Episodes

  • Adam May on $ABVX's blowout data and subsequent stock crash
    Jun 10 2026

    Abivax posted maybe the best ulcerative colitis data anyone's seen, then crashed 60% on a cancer signal Adam May argues is statistical noise. We dig into whether $ABVX is now a mispriced takeout: the maintenance efficacy that beat Rinvoq, how the scary "seven cancer cases" collapse to two, the blackbox question, the Crohn's skew, and the part two safety data due within weeks. Then a quick look at Nectar (NKTR), its alopecia areata data, and the Eli Lilly lawsuit.
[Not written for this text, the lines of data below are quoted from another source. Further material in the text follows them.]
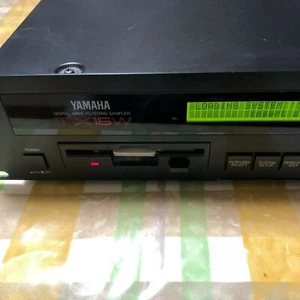 USED YAMAHA TX16W Rackmount Sampler Sound Module with System disk - Picture 1 of 12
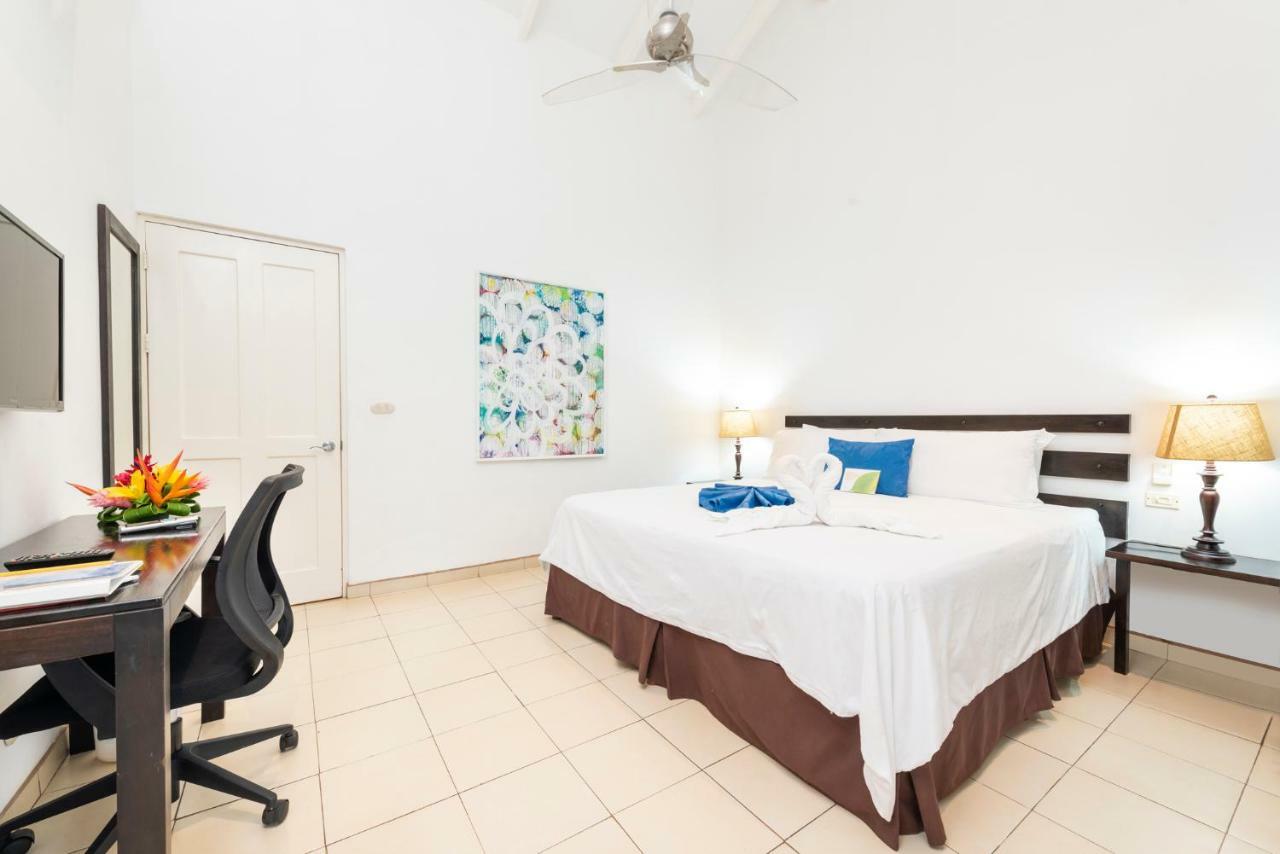 Seis Playas Hotel Tamarindo Dış mekan fotoğraf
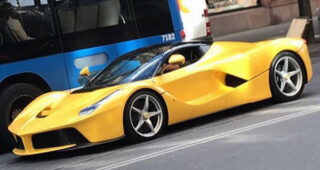 ขาซิ่ง! แชะภาพ "ซลาตัน" ซึ่งรถสปอร์ตแบบ Ferrari LaFerrari สีเหลืองสุดแพง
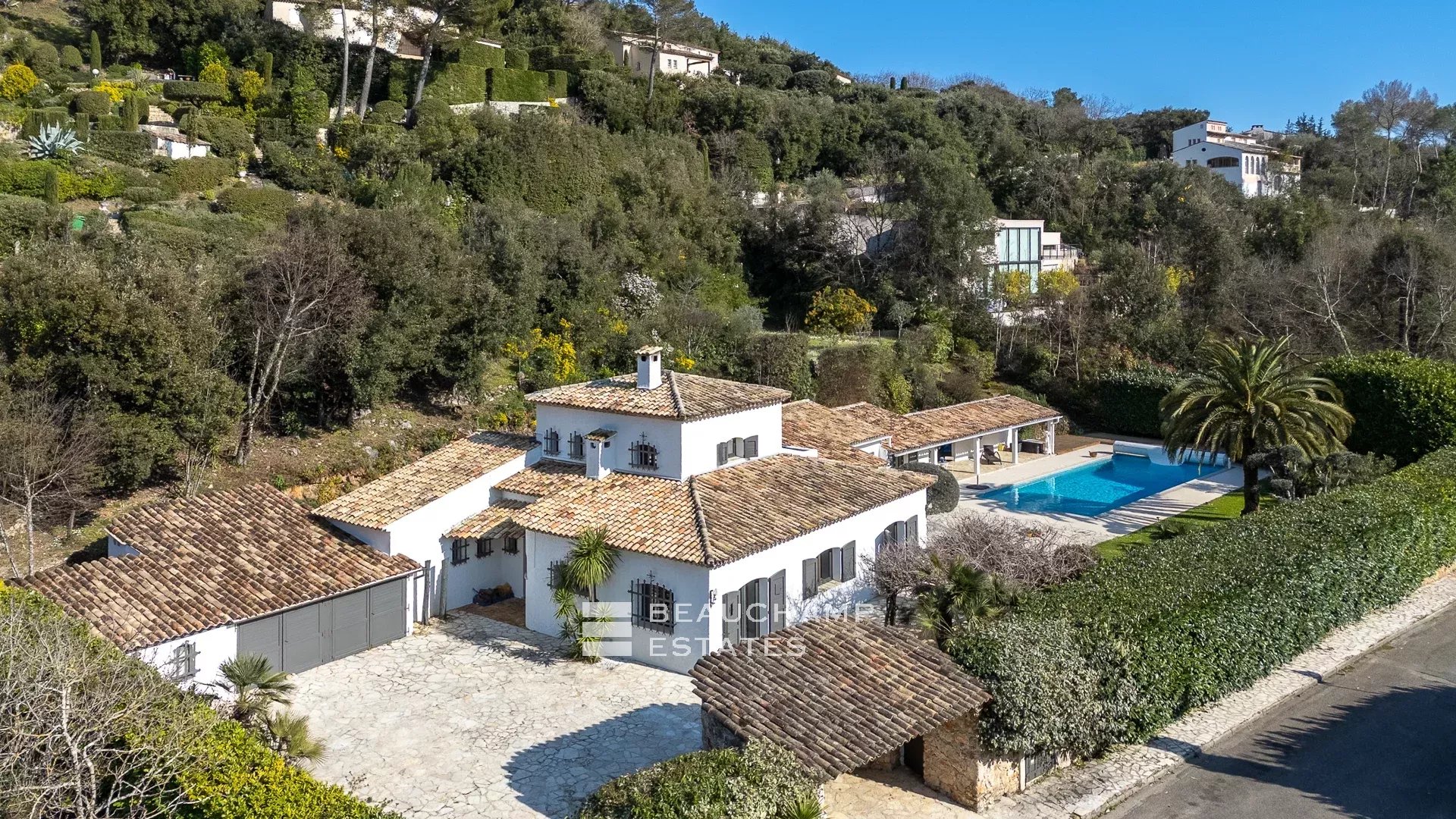 Villa néo-provençale plain pied  4 chambres - La Colle-sur-Loup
    This episode is sponsored by AlphaSense, and specifically Andrew's upcoming AI webinar with them: breaking down the modern AI stack for investors with Dave Wang (Wall Street Prompts) and Ben Collins (AlphaSense). Goes live June 25. Register here.

    Chapters:

    00:00 Intro and disclosure (long ABVX and NKTR)

    01:03 Sponsor: AlphaSense AI webinar for investors

    02:33 The biotech "GOAT" returns

    03:33 Abivax setup: induction vs maintenance, the stakes

    06:38 The bar: clinical remission and Rinvoq

    10:14 Blowout maintenance data, and endoscopic remission that doubles Rinvoq

    14:23 The data drops, then a 60% crash

    16:31 The cancer scare, taken apart case by case

    24:45 Why it's statistical noise: mechanism, clustering, base rates

    28:50 Adverse-event capture and the phase 2 safety database

    33:57 Bear case: hasn't the market had time to digest this?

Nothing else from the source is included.